Dataset content Start Marker

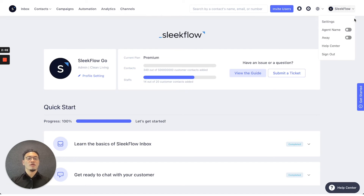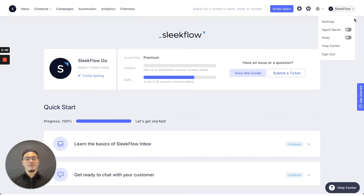There's also the top right button where you can activate your personal settings, where you can change your agent display name in conversations and change your active and away status. You can use the away function to help you manage all of those incoming messages and assign them to other colleagues that would be online.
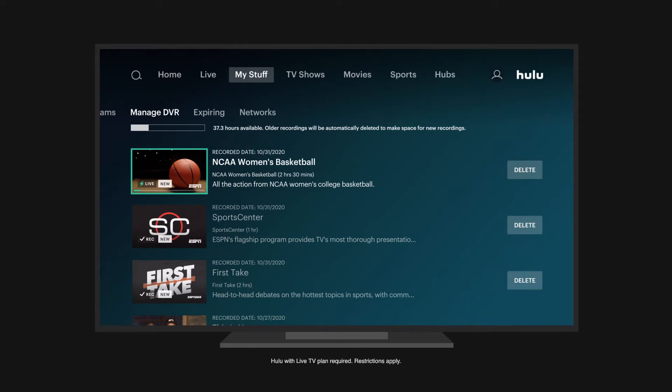You can find and manage your recordings in the Cloud DVR section of My Stuff.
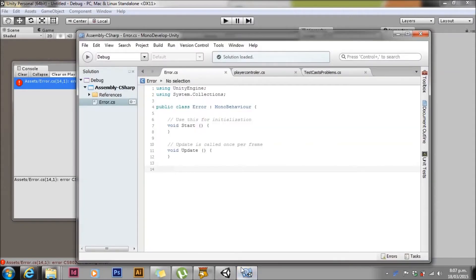We'll double-click on that to bring us into MonoDevelop. Looking at line 14, it's blank — there is nothing there. One thing to be aware of with errors is that they are often related to what comes before, not what's on the error line. With scripting, especially with Unity's languages, it's important that every bracket is closed.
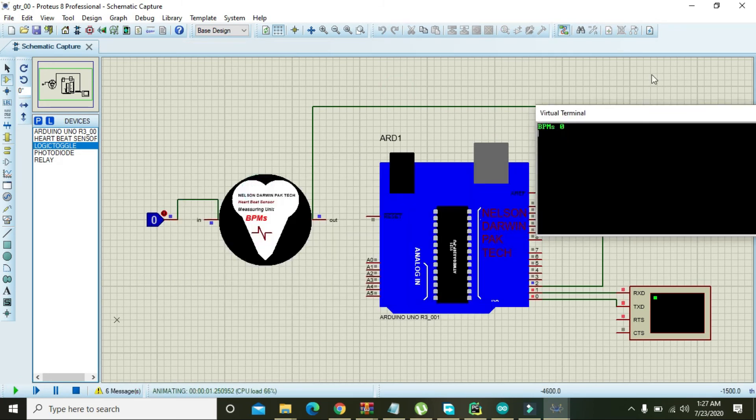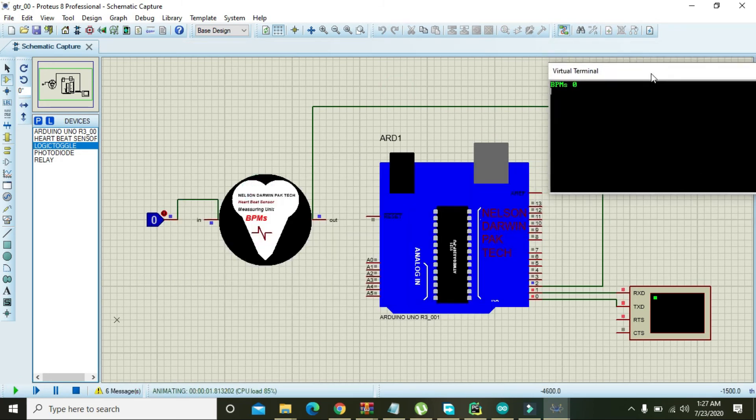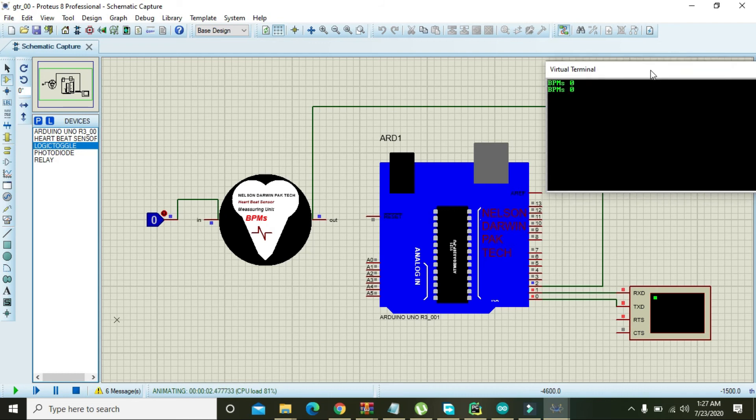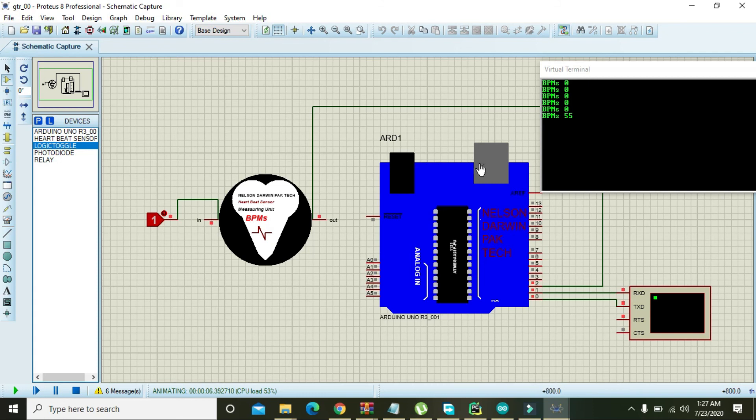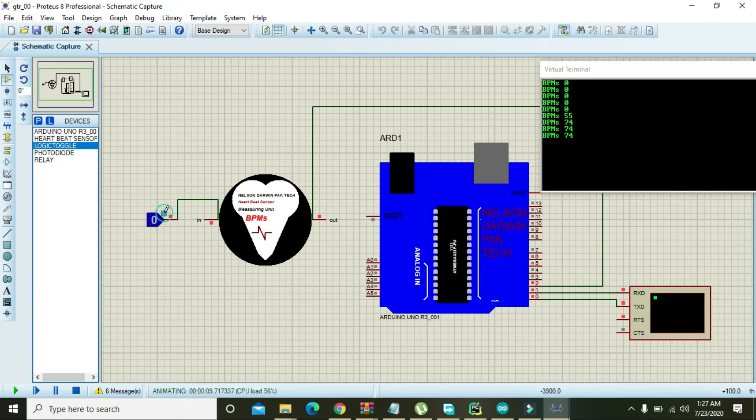And here we can see that BPM, it is showing BPMs, and BPMs are zero at that moment. But when we make it on, that is our sensor is on, that is showing BPM 55, then BPM 74 and 74 and so on. Again you can turn this off.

Dataset content End Marker

### Exercise brief
In full and without changes, repeat the listing above, but not its pictures.

### Answer box
There's also the top right button where you can activate your personal settings, where you can change your agent display name in conversations and change your active and away status. You can use the away function to help you manage all of those incoming messages and assign them to other colleagues that would be online.
You can find and manage your recordings in the Cloud DVR section of My Stuff.
We'll double-click on that to bring us into MonoDevelop. Looking at line 14, it's blank — there is nothing there. One thing to be aware of with errors is that they are often related to what comes before, not what's on the error line. With scripting, especially with Unity's languages, it's important that every bracket is closed.
And here we can see that BPM, it is showing BPMs, and BPMs are zero at that moment. But when we make it on, that is our sensor is on, that is showing BPM 55, then BPM 74 and 74 and so on. Again you can turn this off.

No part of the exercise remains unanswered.